Charles-Valentin Alkan, né Charles-Valentin Morhange1, le 30 novembre 1813 à Paris, mort dans la même ville le 29 mars 1888, est un pianiste et compositeur français. Se rattachant à la tradition de grande virtuosité de l'époque romantique, initiée par Paganini au violon, puis au piano par Frédéric Chopin et Franz Liszt, il est considéré comme le plus important représentant français de l'école de piano romantique.
Né de parents juifs, au sein d'une fratrie (cinq frères et une sœur) de musiciens qui adoptèrent tous le nom de Alkan — prénom du père, Alkan Morhange, qui tenait une école élémentaire réputée pour son enseignement musical — Charles-Valentin est d'abord un enfant prodige entrant à 6 ans au Conservatoire de Paris. Il étudie l'harmonie, l'orgue et le piano avec des professeurs tels que Joseph Zimmermann, qui fut aussi le professeur de Georges Bizet, César Franck, Charles Gounod, et Ambroise Thomas. Il obtient le premier prix pour le piano en 1824, pour l'harmonie en 1827, pour l'orgue en 1834. Il est à 17 ans un virtuose réputé, rivalisant avec Franz Liszt ou Sigismond Thalberg.
Surnommé « le Berlioz du piano » par Hans von Bülow, il a cependant été peu présent au concert : dès l'âge de 20 ans, il se retire de la vie publique, manifestant une forte misanthropie, et se consacre à la composition. Pour gagner sa vie, il donne des leçons : il devient un pédagogue réputé vers lequel les élèves de Chopin se tournèrent à la mort de celui-ci. Il donne tous les ans Six petits concerts, salle Erard, où il présente en intermède quelques-unes de ses œuvres, au milieu d'un répertoire très classique.
En 1844, Charles-Valentin Alkan reprend les concerts. Il espère succéder à Joseph Zimmermann au Conservatoire de Paris, mais c'est Marmontel qui obtient le poste. Il quitte de nouveau la vie publique après 1848 et y revient en 1855 avec la publication de ses Douze Études dans tous les tons mineurs, op. 39.
Il meurt à 74 ans, selon la légende écrasé par sa bibliothèque alors qu'il saisissait le Talmud. Officiellement, il s'agit d'un « accident domestique ».

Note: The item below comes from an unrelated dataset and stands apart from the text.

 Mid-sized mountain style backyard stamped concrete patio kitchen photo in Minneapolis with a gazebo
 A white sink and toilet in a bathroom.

Ses compositions ont été longtemps méconnues et restent encore peu enregistrées. Elles sont pourtant particulièrement originales et personnelles et d'une extrême difficulté d'exécution.

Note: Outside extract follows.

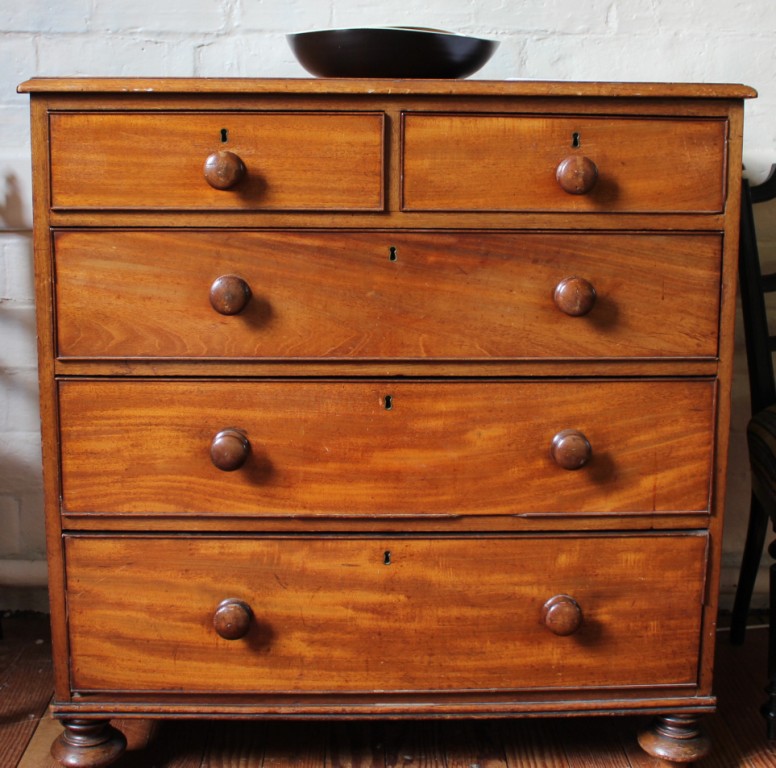 A Victorian mahogany chest of two small and three large graduated drawers with turned handles,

Comme Frédéric Chopin, Alkan a écrit presque exclusivement pour le piano. Ses œuvres les plus importantes sont la Grande Sonate pour piano « Les Quatre Âges de la vie », op. 33, et ses Études, comparables en difficulté et en complexité aux Études d'exécution transcendantes de Liszt. Si les Études dans tous les tons majeurs, op. 35, ressemblent encore aux publications de son temps, les Études dans tous les tons mineurs, op. 39, constituent une somme pianistique de 300 pages, sans équivalent à l'époque2. Le recueil est dominé par une Symphonie et un Concerto. Le fait de donner de tels titres à des œuvres pour piano solo traduit bien l'ambition d'Alkan qui est de conférer une dimension symphonique au piano.

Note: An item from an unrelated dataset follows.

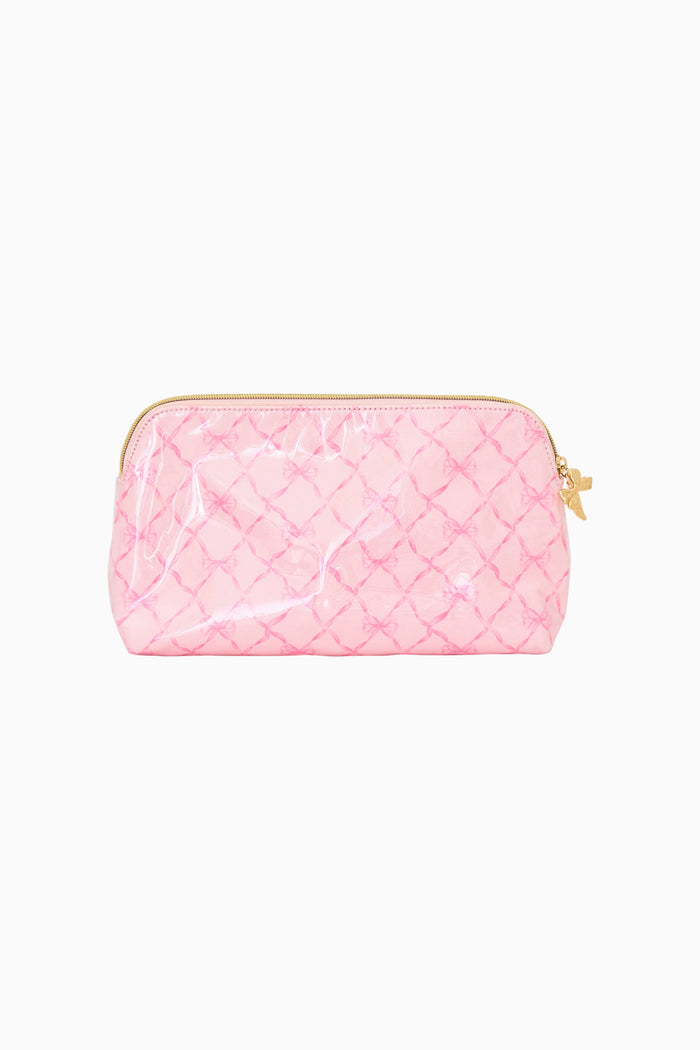 Pink bow print cosmetic bag on a white background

Multipliant les difficultés techniques, Alkan y affectionne, en particulier, les groupes d'octaves et d'accords obligeant l'interprète à des extensions et des déplacements très rapides, les gammes et les arpèges qui fusent, les notes répétées et les batteries donnant parfois l'impression d'un mouvement perpétuel, comme dans Le Chemin de fer, op. 27, évocation virtuose de la fuite en avant d'un train ; enfin, une riche texture polyphonique et polyrythmique2. En dehors des grandes pièces de concert, longues et éprouvantes, Alkan sait faire preuve d'un remarquable talent de miniaturiste, comme dans ses 48 Esquisses op. 63 de 1861 ou l'abrupt Scherzo diabolico (de l'op. 39) qui fait résonner le rire de Méphistophélès.